Okay, you've had a lot of people making a lot of good points in this thread, but judging from your responses I'm not sure whether you're genuinely interested in discussing and debating this topic, or if you simply want to re-iterate your opinion. Either way is fine by me (after all that seems to be what a blog is for) however I am going to assume the former.

@fodigg said:

However, I doubt any of the authors you listed ever needed to take a creative writing course. In these classes it's the instructor's job to turn out competent writers and improve them incrementally, not to foster the next great master.

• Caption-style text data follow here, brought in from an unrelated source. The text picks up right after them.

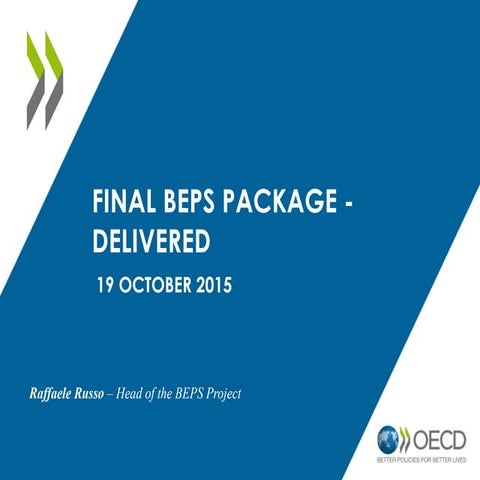 Overview of the OECD/G20 BEPS Project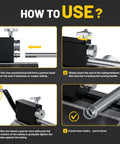 Instruction guide for Heavy Duty Bead Roller Tool For Tube And Pipe Beading, Pro Grade Tubing Beader Roller Forming Tool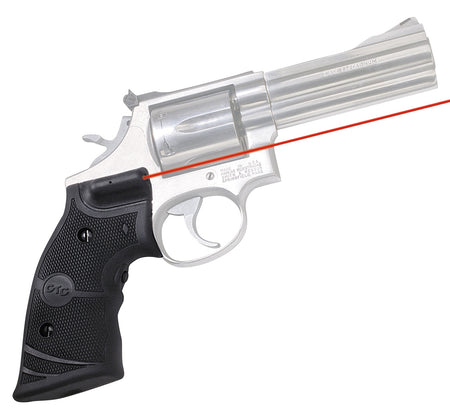 Crimson Trace 011290 Red Laser Lasergrips Fits S&W K & L Frame Round Butt Revolvers, Black Polymer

I will postulate that no writer has ever or will ever need to take a creative writing course, no matter the relative skill level. It's possible that there are teachers out there that see their job in a creative writing class to turn out competent writers and to improve them incrementally, however I've never seen it. What I have seen, and this is taken from experiencing exactly 1/2 of a "creative writing" course and auditing seven different courses over the years from as many different colleges, is men and women who would rather force their personal political agendas down the eager throats of many bright, talented writers, rather than teach the craft of writing creatively. It seems to me that's exactly what you experienced, and I've seen this happen far too often to consider myself proven wrong. Fledgling writers are far better served by composition and rhetoric courses where they can learn the ground rules of writing well, and work-shopping with their peers where they can refine their talents.

@fodigg said:

How is that example not hate-filled speech? I mean, I agree that it's integral to the novel because exposing and addressing racism is central to its theme but I don't understand your initial claim at all.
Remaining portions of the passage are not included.